Moreover, the fairness of requiring exhaustion under the particular circumstances of a case is a proper consideration. See Bowen v. City of New York, 476 U.S. 467, 482, 106 S.Ct. 2022, 2031, 90 L.Ed.2d 462 (1986) (in the interest of fairness, Court *1040would not require complete exhaustion of appeals process by Social Security claimants who were not aware of agency’s improper internal policy when claims were first rejected). In making an exhaustion decision this Court has previously considered the effect of a change in circumstances that rendered relief through administrative channels highly improbable. See Arkla Exploration Co. v. Texas Oil & Gas Corp., 734 F.2d 347, 355 (8th Cir.1984) (exhaustion doctrine would not be applied to state when at the time state had standing to challenge leases Secretary of Interior had invalidated them, but later Court of Appeals decision ordering Secretary to reinstate leases made it unlikely state could ever get relief in administrative proceeding), cert. denied, 469 U.S. 1158, 105 S.Ct. 905, 83 L.Ed.2d 920 (1985).

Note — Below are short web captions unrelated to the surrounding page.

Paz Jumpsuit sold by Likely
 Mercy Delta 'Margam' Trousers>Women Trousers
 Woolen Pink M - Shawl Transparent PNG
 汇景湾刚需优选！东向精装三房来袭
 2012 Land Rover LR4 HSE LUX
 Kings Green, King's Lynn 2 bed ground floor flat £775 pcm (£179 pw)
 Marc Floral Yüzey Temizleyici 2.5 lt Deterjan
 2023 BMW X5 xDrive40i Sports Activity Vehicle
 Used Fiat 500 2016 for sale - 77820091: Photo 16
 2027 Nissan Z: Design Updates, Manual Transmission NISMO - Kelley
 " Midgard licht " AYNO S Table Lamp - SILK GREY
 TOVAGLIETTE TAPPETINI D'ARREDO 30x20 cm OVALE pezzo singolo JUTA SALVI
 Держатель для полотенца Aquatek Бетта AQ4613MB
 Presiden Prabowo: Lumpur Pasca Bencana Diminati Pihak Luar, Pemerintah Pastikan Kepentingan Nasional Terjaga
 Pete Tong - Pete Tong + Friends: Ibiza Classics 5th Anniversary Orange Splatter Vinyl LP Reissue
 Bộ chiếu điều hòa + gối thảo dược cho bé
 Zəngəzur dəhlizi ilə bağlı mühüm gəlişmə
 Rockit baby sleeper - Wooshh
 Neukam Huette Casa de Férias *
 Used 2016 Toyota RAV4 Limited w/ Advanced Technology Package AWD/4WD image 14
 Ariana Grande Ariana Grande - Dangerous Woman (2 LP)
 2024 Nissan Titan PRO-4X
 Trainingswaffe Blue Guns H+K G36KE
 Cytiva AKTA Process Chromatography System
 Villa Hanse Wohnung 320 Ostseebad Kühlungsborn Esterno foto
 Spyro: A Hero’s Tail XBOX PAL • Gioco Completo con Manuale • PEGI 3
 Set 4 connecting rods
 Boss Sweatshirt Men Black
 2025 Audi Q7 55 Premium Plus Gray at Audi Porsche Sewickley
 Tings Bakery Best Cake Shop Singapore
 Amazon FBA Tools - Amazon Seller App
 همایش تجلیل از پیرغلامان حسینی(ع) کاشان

When Madsen decided not to appeal the wheat yields set by the county committee from 1981 to 1985, he was faced with a certain set of facts, including the consequences that would flow from a failure to appeal. At that time, the price for such a failure was one year of the lowered yield. Subsequently, Congress greatly increased the adverse consequences of failing to undo the county committee’s decision, in a way no one could have foreseen: the annual yields from 1981 to 1985 now have prospective impact. It seems to me unfair to bar Madsen from even the limited review permitted by Section 1385. I think he has demonstrated good reason for not fully availing himself of administrative remedies. Cf. Bisson, 839 F.2d at 420 (no good reason shown for failure to use all available avenues of administrative redress).
In reaching this conclusion I am mindful that Madsen’s challenge to his previous wheat yields focuses on these figures as relevant data in the calculation of his 1986 yield. Madsen’s situation is thus analogous to that recognized as an exception to general rules of issue preclusion. See Restatement (Second) of Judgments § 28(5) (1982). Rules of preclusion do not apply when there is a convincing need for a new determination because it was not sufficiently foreseeable that the issue would arise in a subsequent action or because the party sought to be precluded did not have an adequate opportunity or incentive to obtain a full and fair adjudication in the initial action. Id. I think the principles underlying this exception to issue preclusion apply with similar strength to the exhaustion doctrine in this context. The new statute has increased the stakes for Madsen, giving him a greater incentive to seek review than he had in the previous years.
Under all of the circumstances of this case, I cannot agree that the doctrine of exhaustion of administrative remedies should be applied to deprive Madsen of the narrow review that would otherwise be available.